Many critics believe it's not ideology, but politics, that keeps manned spaceflight afloat.
"It's managed to survive because it's planted payrolls all over the country, particularly in the Southwest. Unmanned satellites can do anything people can do, and you don't have to have a national day of mourning when they burn up," says Daniel S. Greenberg, a writer who specializes in space issues and who recently published the book Science, Money, and Politics: Political Triumph and Ethical Erosion.
Following the Challenger disaster in 1986, the late Nobel physicist Richard Feynman wrote an appendix to the official inquiry in which he linked fatal engineering miscalculations to the unrealistic launch schedule Easterbrook had criticized a few years earlier. He depicted an agency bent on rationalizing, rather than addressing, internal problems. In his report, Feynman hinted that sloppy management attitudes that helped kill the Challenger crew may have defined the agency's bureaucratic soul.
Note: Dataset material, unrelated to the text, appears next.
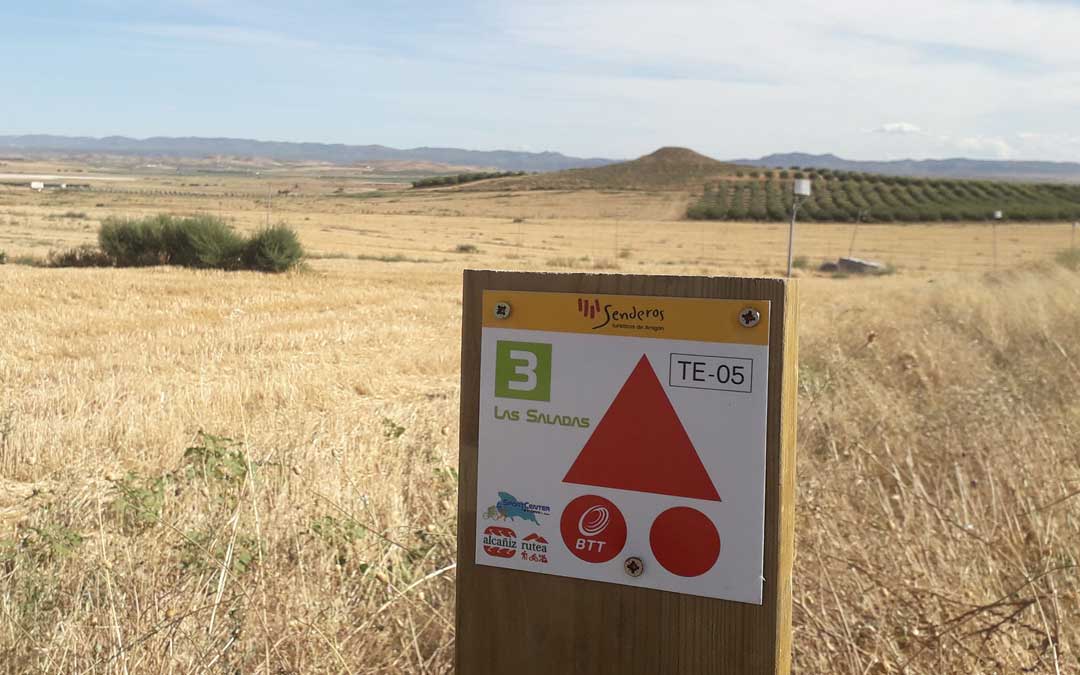 Señal de la Ruta 3 Las Saladas de Alcañiz./ L.C.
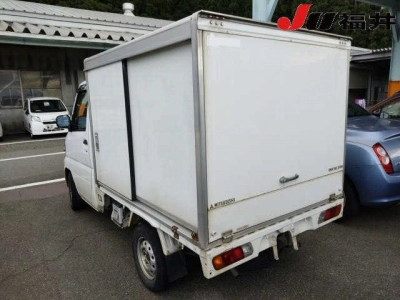MITSUBISHI MINICAB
"Were the organization weaknesses that contributed to the accident confined to the Solid Rocket Booster sector?" Feynman wrote, rhetorically. "Or were they a more general characteristic of NASA?"
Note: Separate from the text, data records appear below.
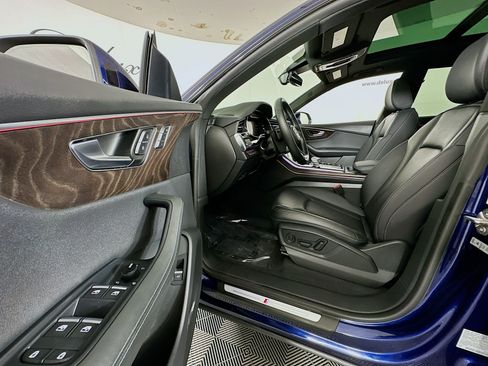 Used 2022 Audi Q8 Premium Plus w/ Premium Plus Package AWD/4WD image 19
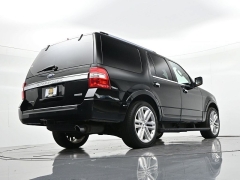 Used 2017  Ford Expedition 4d SUV 4WD Limited at Landmark Auto Credit Center near springfield&comma; IL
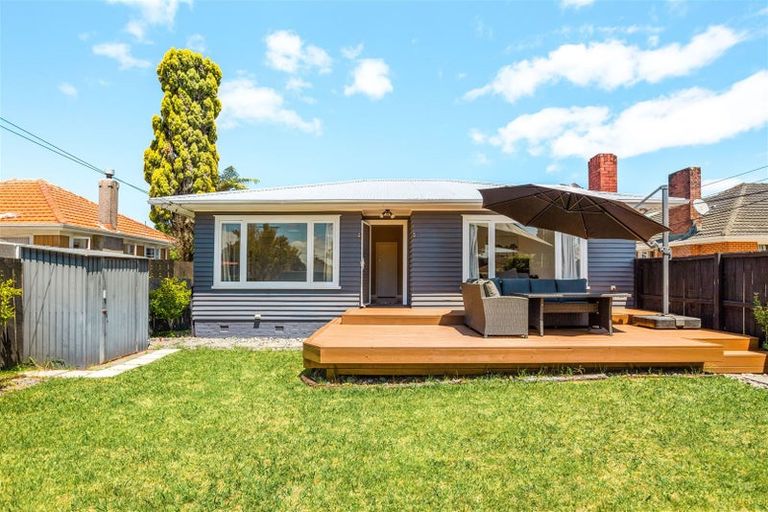 Photo of property in 16 Taikata Road, Te Atatu Peninsula, Auckland, 0610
In its year 2002 audit of NASA's books, released Jan. 30, PricewaterhouseCoopers describes a system of management problems that extends through time. In 2001, the auditor complained that NASA did such a scattershot job of tracking equipment and property that it couldn't accurately determine how much money was actually being spent on the space station, whose total cost is usually described in the press as around $100 billion. For 2002, auditors attempted to further investigate problems uncovered in the 2001 review. According to this new report, the accountants delved into the 2002 books and discovered numerous contractor errors. In one instance, a single contractor had to adjust the value of materials it was using in a NASA project by $1.9 billion. (The report does not say whether the contractor was $1.9 billion high or low.) In another instance, the report states, the same contractor under- or overestimated the "assets in space" it managed by another $887 million. In all, the auditors discovered $2.8 billion in material errors in the 2002 audit, representing about a quarter of the value of the $13 billion in materials held by NASA contractors. A spokesman for the NASA Inspector General's Office told me the space agency is preparing its official response to the PricewaterhouseCoopers audit.